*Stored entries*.
* * *

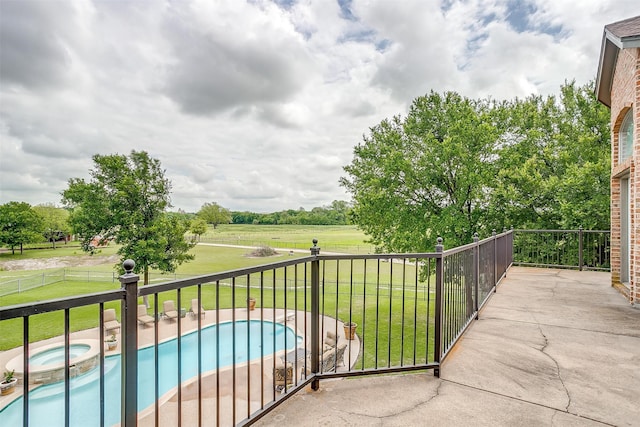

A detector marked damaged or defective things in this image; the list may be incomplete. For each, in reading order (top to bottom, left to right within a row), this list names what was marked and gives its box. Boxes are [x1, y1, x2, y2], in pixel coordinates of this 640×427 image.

crack in concrete [536, 326, 568, 412]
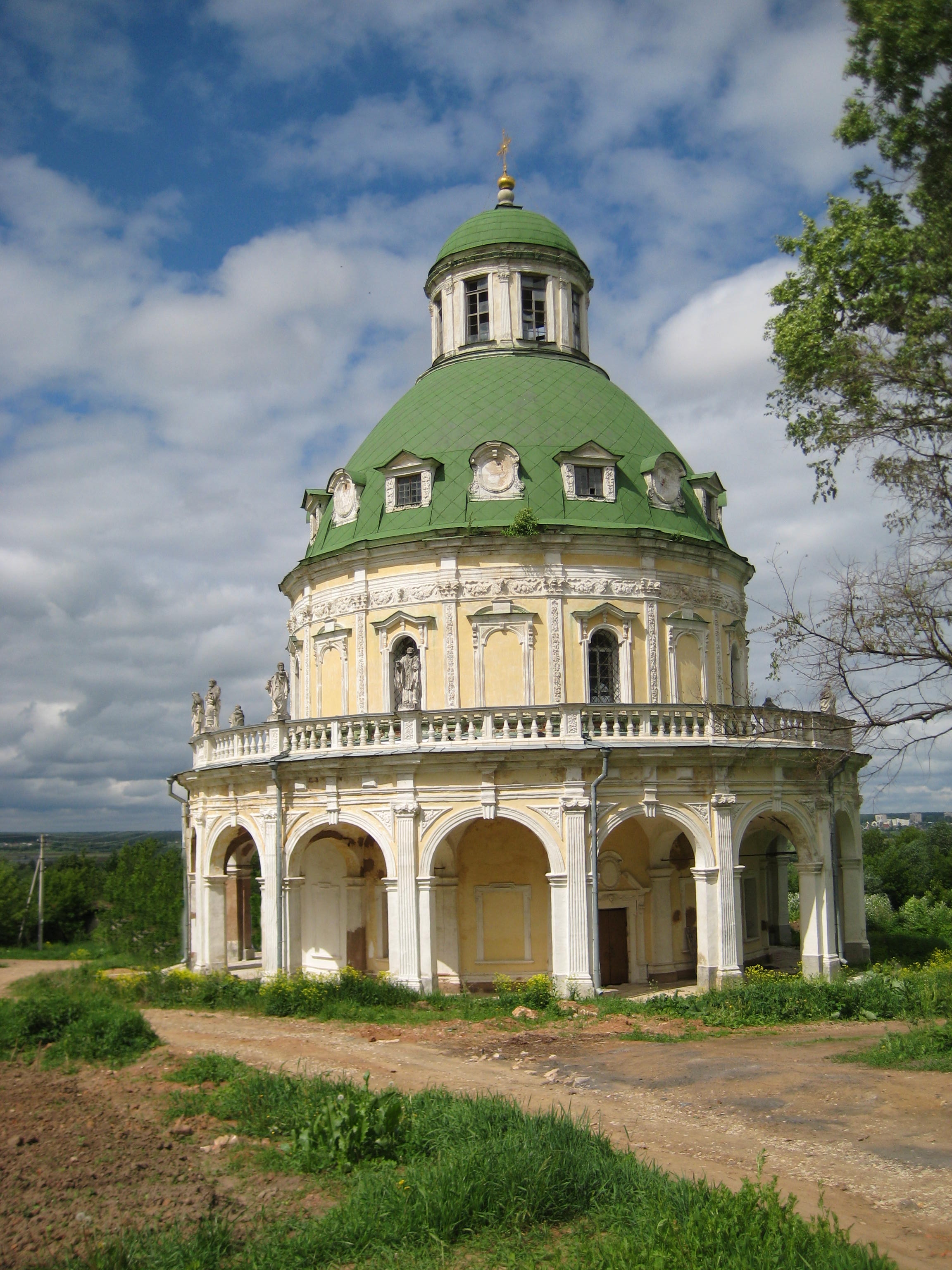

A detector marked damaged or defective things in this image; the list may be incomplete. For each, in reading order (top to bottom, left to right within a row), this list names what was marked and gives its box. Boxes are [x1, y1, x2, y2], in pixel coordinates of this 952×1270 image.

broken window [469, 275, 489, 341]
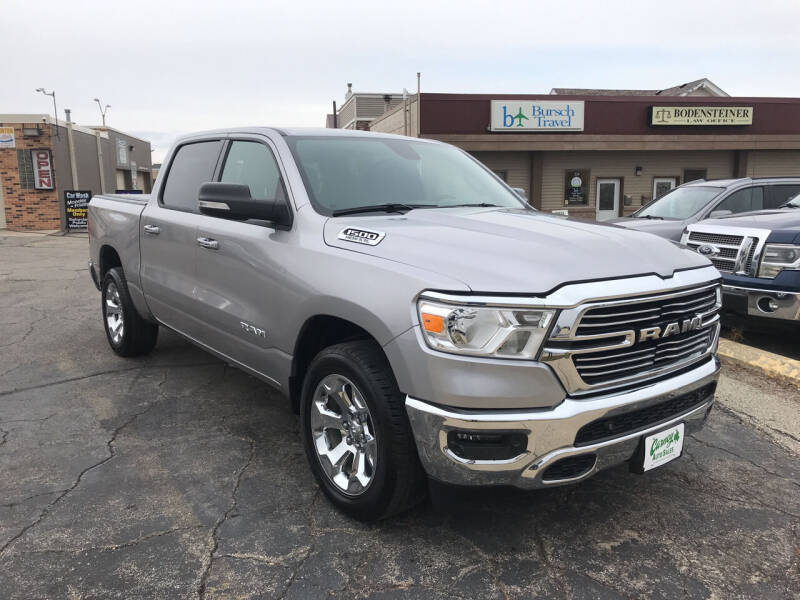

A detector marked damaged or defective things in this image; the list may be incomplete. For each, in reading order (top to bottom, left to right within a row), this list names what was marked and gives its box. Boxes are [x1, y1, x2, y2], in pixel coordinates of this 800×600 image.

* * *

*Assignment*. Return exactly the lines that begin with the one containing "this 952×1270 image." and end with the final line of the data above; include no pictures.

*Finished task*.
A detector marked damaged or defective things in this image; the list may be incomplete. For each, in reading order (top to bottom, left to right within a row), this list names what was marked and gives its box. Boxes are [x1, y1, x2, y2], in pixel coordinates of this 952×1270 image.

broken window [469, 275, 489, 341]

A detector marked damaged or defective things in this image; the list may be incomplete. For each, in reading order (top to bottom, left to right within a row), this list names what was marked and gives its box. Boxes are [x1, y1, x2, y2], in pixel coordinates of this 800×600 image.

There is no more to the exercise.